図5　Flexi^® Vector System　トランスファーの概略

Q.　Flexi^® Vector のシーケンスプライマー情報を教えてください。

A.　Flexi^® Vectorのシーケンスプライマーは、以下サイトに一覧表をご紹介しております。
　　Sequencing Primers for Flexi^® Vector Inserts

ただし、pFC8（HaloTag）Vectorは、次の配列を推奨します。

pFC8 HaloTag Forward primer:

5’ CTCCCAGTTCAATTACAGCTCT 3’

pFC8 HaloTag Reverse primer:

5’ GCTCGCCCAGGACTTCCACATAAT 3’
（HaloTag 遺伝子の5’　領域 ）

Q.　Flexi^® Vector を一般的な大腸菌のコンピテント細胞を使用して複製することは可能ですか？

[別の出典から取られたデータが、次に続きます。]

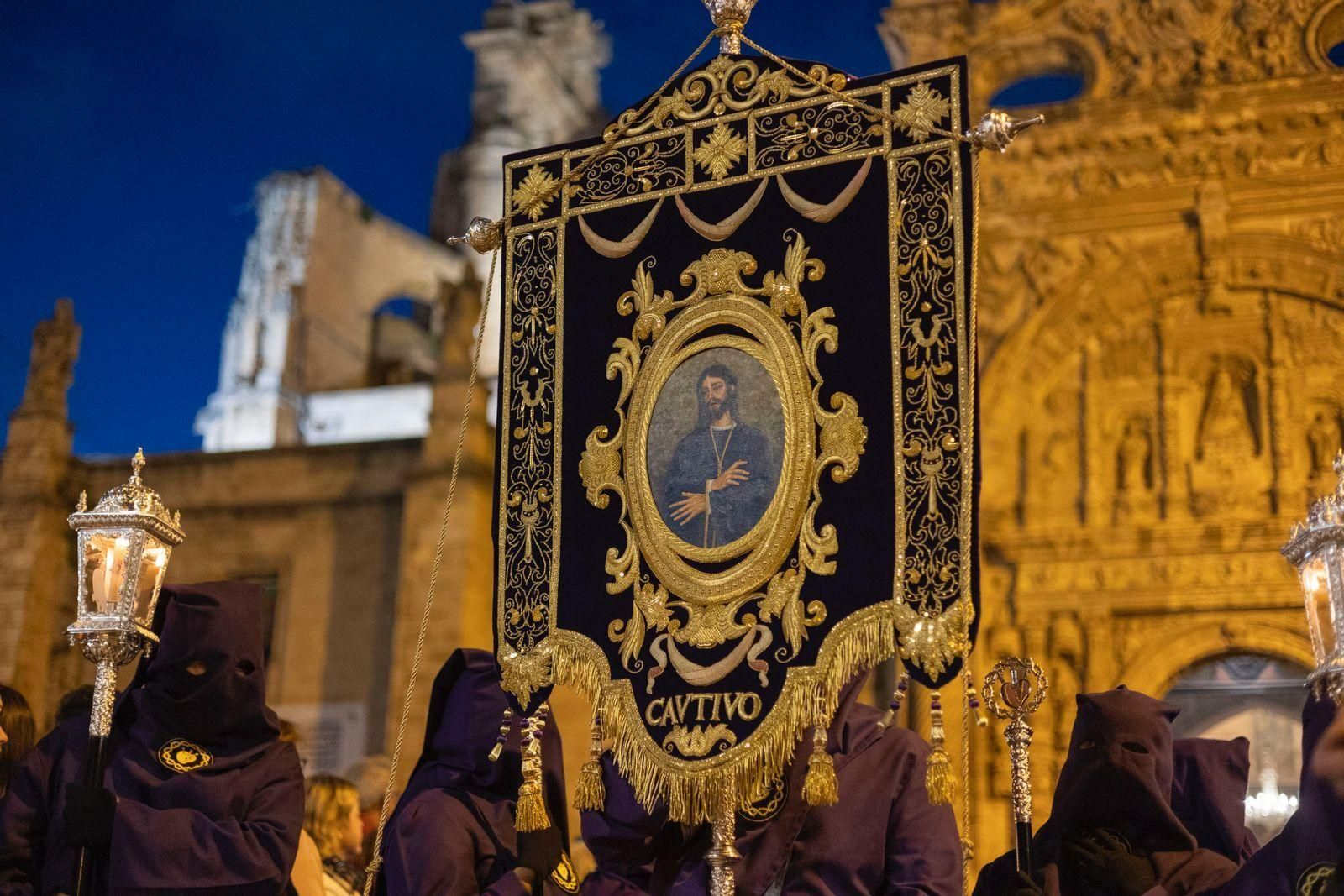 Las imágenes de la Semana Santa 2024 en El Puerto: Dolor y Sacrificio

A.　Flexi^® Vectorには、致死遺伝子であるBarnase遺伝子が含まれます。よって、一般的な大腸菌では、大腸菌が致死してしまうため、Flexi^® Vectorは複製できません。またBarnaseは、哺乳動物細胞にも毒性があります。

Q.　Flexi^® Vectorの複製起点を教えてください。

A.　プロメガのpGEM ベクターと同じで、mutated pMB1になります。これは、ColE1型ベクターに分類されます。

Q.　Flexi^® Vectorに含まれる致死遺伝子（Barnase遺伝子）の安全性について教えてください。

A.　プロメガのBarnase遺伝子は、nativeのBacillus amyloliquefaciens strain H遺伝子配列を使用しています。Flexi^® Vector systemのクローニングにおいて、Barnase遺伝子をもつクローンは、大腸菌を致死させるためコロニーを形成しません。また、Barnase遺伝子を含むFlexi^® Vectorが受動的に哺乳動物細胞に導入される事例は報告されておりません。